Lena Dunham on the Cover of Vogue? Is Hollywood Finally Getting It?
TV power females like Dunham, Tina Fey, Shonda Rhimes and Kerry Washington are shifting the balance of power and leading the charge toward a more realistic depiction of women.
Hollywood and the fashion and beauty industries go hand in hand. Traditional beauty operates within a narrow scope, generally suggesting that women are seen as objects, and not heard as creators or innovators. This makes it more difficult to achieve diversity and impacts the quality of work produced (See also: SNL).
Women are especially confined by these standards. Each year, the faces of dozens of young ingénues are splashed across magazines and exist in other spaces as red carpets posers, event hosts and product spokespeople for the season’s latest glamour gimmick.
But then there are those that break their mold.
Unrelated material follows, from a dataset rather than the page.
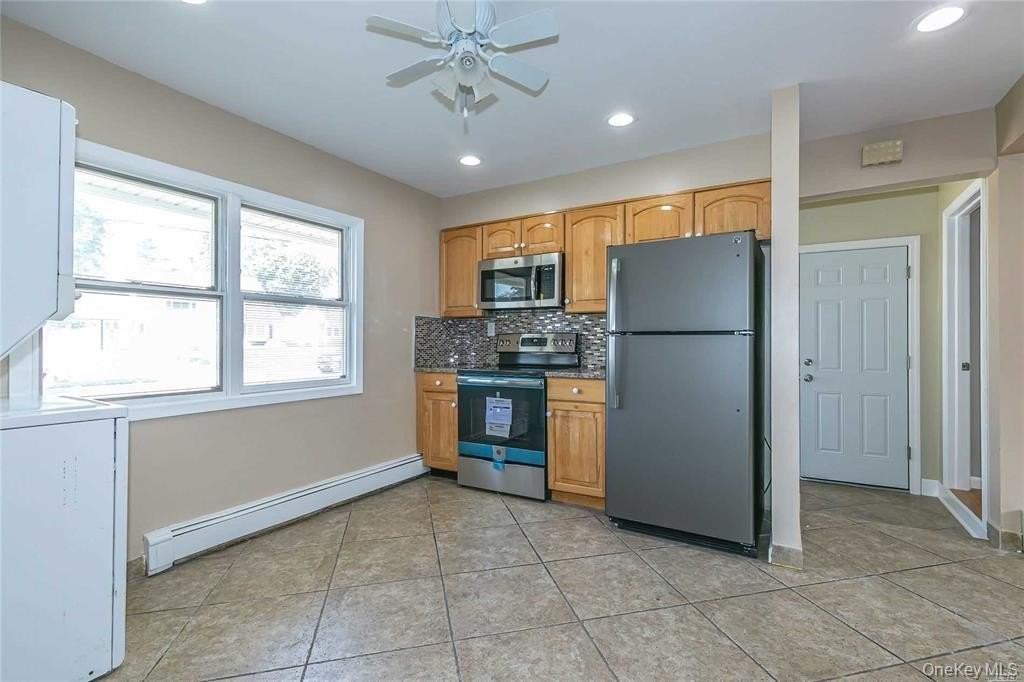 68 Bloomingdale Rd - Photo 4 of 17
Every so often, a new cultural darling emerges from the tiny boxes set by the industry and secures a place for herself. The media rewards her for her ability to “overcome” or “transcend” the racial/cultural/image-based norms with dedicated feature stories, elaborate photoshoots, and one-on-one interviews to find out exactly how she got to be “her.”
Fashionista is now reporting that legendary Vogue editor in chief Anna Wintour is trying to charm Lena Dunham into doing a cover for the industry-defining Conde Nast glossy.
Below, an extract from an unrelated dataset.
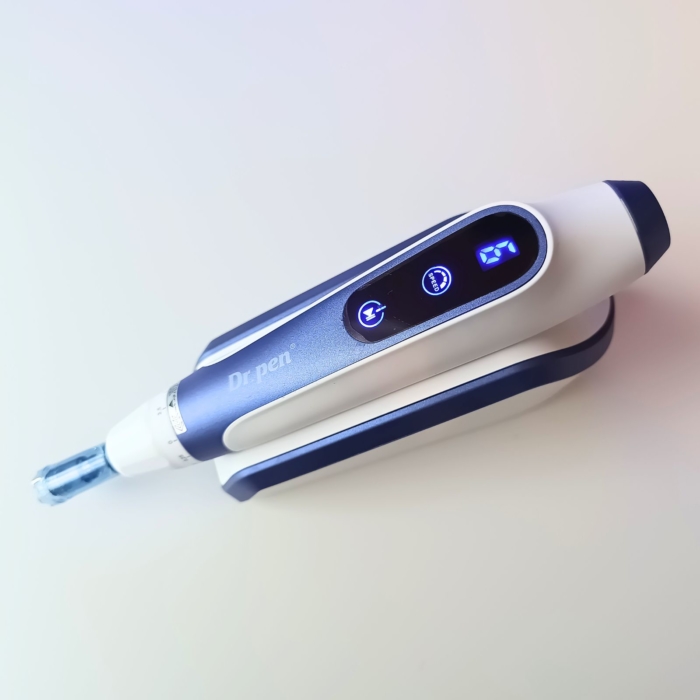Dr. Pen A11-dermapen-voor-microneedling-met-tot 2.5 mm-kopen-bij-MedAes.eu-in-situatie-2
Dunham, the writer, creator and lead actress for HBO’s cult favorite Girls, is often celebrated for her wry intellect. But Dunham–whose weight and body type are much more typical of the average person than most of what you’ll see on screen—has been the subject of much fodder in the media for unapologetically appearing nude on screen.
Dunham’s show has appeared within the pages of Vogue before. But to have her appear on the cover of the mag, which tends to skew toward waifs, signals a small shift in the balance of female power in Hollywood.
Dunham is much like Tina Fey in that regard: Her financial power as a creative producer forces change in the conception of what it means to be a woman in Hollywood. Fey had two TV deals secured within a week: NBC picked up a comedy she produced while Fox committed to a pilot. Following the success of the 2013 awards ceremony, the Hollywood Foreign Press Association has announced that Tina Fey and her former SNL costar Amy Poehler will return to host the Golden Globes for both 2014 and 2015.
Talk about job security.
Producer/writer/director Issa Rae (whose successful web series “The Mis-Adventures of Awkward Black Girl” was also picked up by HBO), is another example of a woman who dares to be funny on her own terms. Despite Kenan Thompson’s obtuse assessment of black women in comedic roles, they are out there. Creating.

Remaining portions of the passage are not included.